## Exercise description:
Up through the line that contains "Electrolux EHG9251BC 90cm", retype the entries exactly, beginning at the very first line.
-----
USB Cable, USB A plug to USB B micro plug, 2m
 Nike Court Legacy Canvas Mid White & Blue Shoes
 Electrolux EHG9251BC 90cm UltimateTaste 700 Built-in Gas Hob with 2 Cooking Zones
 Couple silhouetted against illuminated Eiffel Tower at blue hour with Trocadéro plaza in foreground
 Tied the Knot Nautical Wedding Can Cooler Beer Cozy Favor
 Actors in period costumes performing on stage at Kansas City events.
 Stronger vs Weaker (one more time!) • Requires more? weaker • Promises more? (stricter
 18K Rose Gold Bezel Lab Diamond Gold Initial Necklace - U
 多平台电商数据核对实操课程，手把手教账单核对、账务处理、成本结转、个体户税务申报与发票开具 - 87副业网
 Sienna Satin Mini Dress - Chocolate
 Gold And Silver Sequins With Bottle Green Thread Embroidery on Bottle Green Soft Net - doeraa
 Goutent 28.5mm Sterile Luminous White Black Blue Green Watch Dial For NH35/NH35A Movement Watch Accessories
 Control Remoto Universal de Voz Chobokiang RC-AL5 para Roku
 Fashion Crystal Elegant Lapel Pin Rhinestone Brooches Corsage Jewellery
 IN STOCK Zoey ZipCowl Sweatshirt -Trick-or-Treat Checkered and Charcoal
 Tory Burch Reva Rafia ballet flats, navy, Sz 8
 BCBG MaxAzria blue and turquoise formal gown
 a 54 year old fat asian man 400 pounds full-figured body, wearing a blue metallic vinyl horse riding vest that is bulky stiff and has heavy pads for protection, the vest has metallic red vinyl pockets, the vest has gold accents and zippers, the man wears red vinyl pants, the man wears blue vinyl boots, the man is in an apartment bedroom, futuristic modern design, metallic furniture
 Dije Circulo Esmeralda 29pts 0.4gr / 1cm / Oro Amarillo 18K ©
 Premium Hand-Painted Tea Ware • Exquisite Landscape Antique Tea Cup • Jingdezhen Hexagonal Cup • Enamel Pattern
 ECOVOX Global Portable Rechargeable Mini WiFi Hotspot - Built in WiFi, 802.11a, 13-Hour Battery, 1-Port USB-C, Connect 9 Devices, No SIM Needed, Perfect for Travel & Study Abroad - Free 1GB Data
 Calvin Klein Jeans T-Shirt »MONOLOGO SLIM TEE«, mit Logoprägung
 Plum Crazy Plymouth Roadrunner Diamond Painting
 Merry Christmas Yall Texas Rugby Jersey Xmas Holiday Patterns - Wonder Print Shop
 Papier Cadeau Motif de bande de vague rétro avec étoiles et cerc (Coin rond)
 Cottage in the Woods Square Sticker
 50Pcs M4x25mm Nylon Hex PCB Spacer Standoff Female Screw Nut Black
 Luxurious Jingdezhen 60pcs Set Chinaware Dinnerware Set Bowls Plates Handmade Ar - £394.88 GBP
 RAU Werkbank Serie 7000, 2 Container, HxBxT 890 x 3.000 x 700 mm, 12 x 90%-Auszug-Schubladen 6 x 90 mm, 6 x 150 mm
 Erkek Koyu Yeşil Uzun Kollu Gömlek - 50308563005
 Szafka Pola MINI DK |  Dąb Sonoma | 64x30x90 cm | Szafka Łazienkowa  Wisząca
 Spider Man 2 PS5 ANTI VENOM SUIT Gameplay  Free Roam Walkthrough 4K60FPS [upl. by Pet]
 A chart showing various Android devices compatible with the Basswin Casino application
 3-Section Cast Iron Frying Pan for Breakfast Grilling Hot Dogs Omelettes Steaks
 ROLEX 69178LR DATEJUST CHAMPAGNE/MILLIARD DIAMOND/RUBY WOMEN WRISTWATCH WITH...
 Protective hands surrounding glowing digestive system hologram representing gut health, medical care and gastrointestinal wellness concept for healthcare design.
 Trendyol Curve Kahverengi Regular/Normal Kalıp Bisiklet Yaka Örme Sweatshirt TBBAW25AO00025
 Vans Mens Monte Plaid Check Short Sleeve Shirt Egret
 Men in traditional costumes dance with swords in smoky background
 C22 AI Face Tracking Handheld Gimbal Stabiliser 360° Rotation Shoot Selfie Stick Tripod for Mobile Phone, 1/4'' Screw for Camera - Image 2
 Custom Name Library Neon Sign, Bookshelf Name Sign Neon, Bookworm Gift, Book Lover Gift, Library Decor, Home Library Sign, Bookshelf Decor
-----
## Problem solution:
USB Cable, USB A plug to USB B micro plug, 2m
 Nike Court Legacy Canvas Mid White & Blue Shoes
 Electrolux EHG9251BC 90cm UltimateTaste 700 Built-in Gas Hob with 2 Cooking Zones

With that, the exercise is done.